» **Task prompt**
Output every line below exactly, please, omitting pictures.

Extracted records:
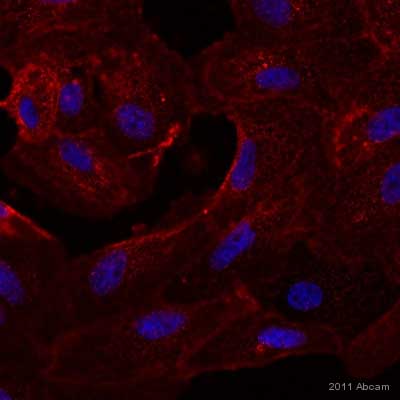 Immunocytochemistry/ Immunofluorescence - Anti-Axl antibody [MM0098-2N33] (AB89224)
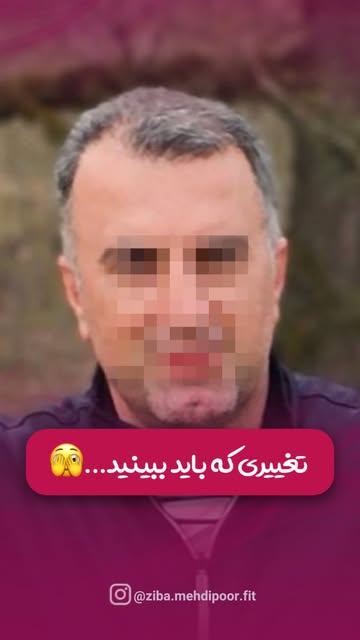 ⁨	تراکم واقعی، نتیجه‌ی کار اصولی و اجرای دقیق✌🏻😍

این نتیجه، حاصل دقت در جزئیاته🤌🏻
برای موهایی ب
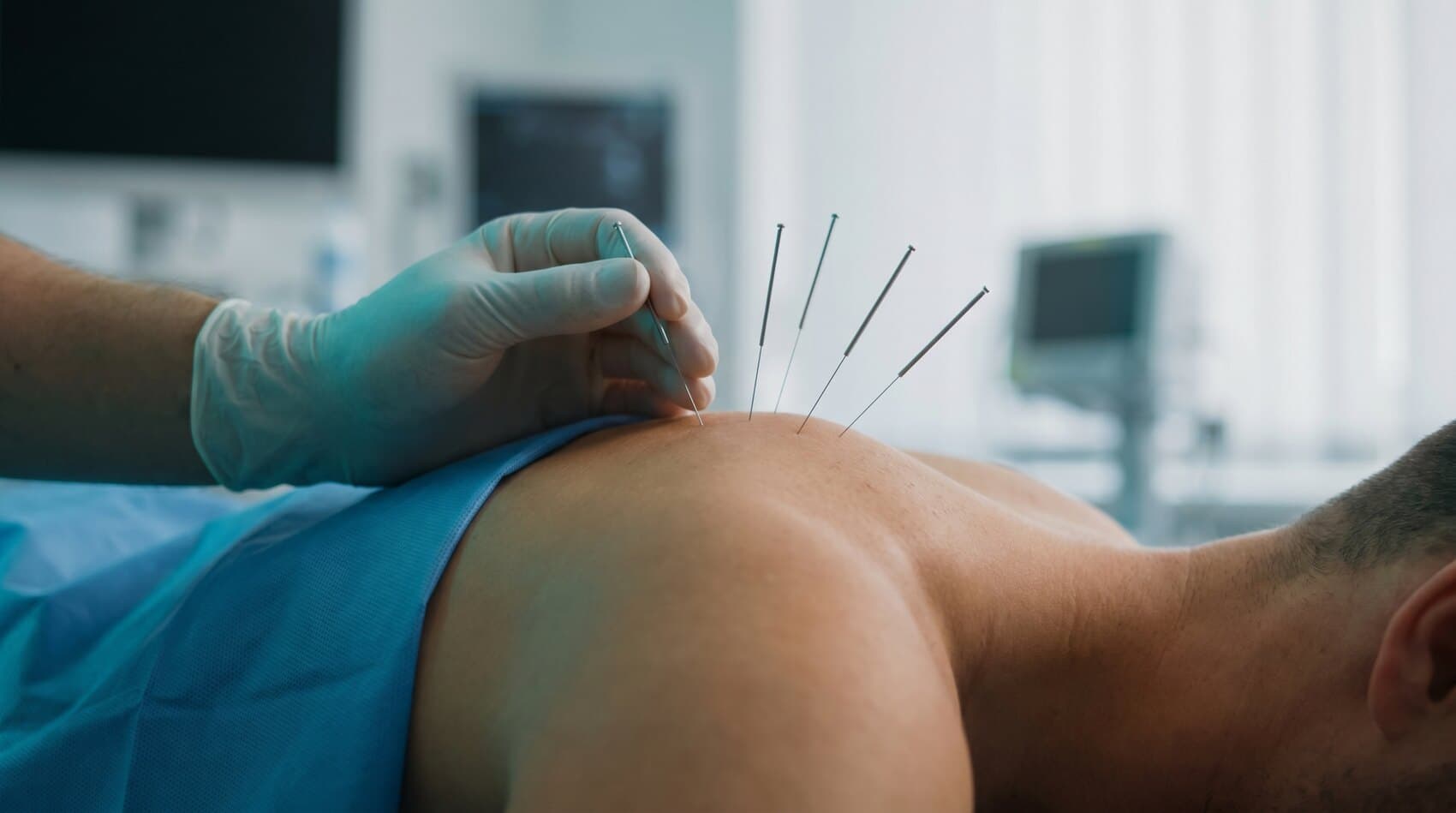 Trigger Point Dry Needling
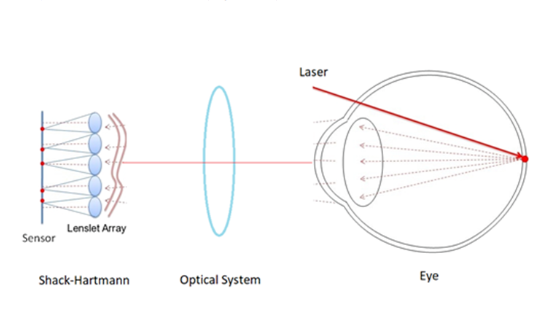 用于眼睛像差评估的Shack‑Hartmann传感器建模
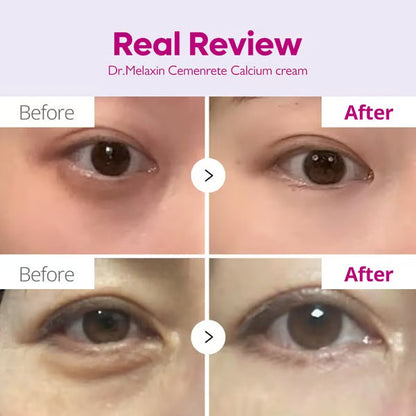 🖤2026 New Year · 40% OFF🖤Calcium Concentrated Repair Cream-2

» **Answer to this exercise**
 Immunocytochemistry/ Immunofluorescence - Anti-Axl antibody [MM0098-2N33] (AB89224)
 ⁨	تراکم واقعی، نتیجه‌ی کار اصولی و اجرای دقیق✌🏻😍

این نتیجه، حاصل دقت در جزئیاته🤌🏻
برای موهایی ب
 Trigger Point Dry Needling
 用于眼睛像差评估的Shack‑Hartmann传感器建模
 🖤2026 New Year · 40% OFF🖤Calcium Concentrated Repair Cream-2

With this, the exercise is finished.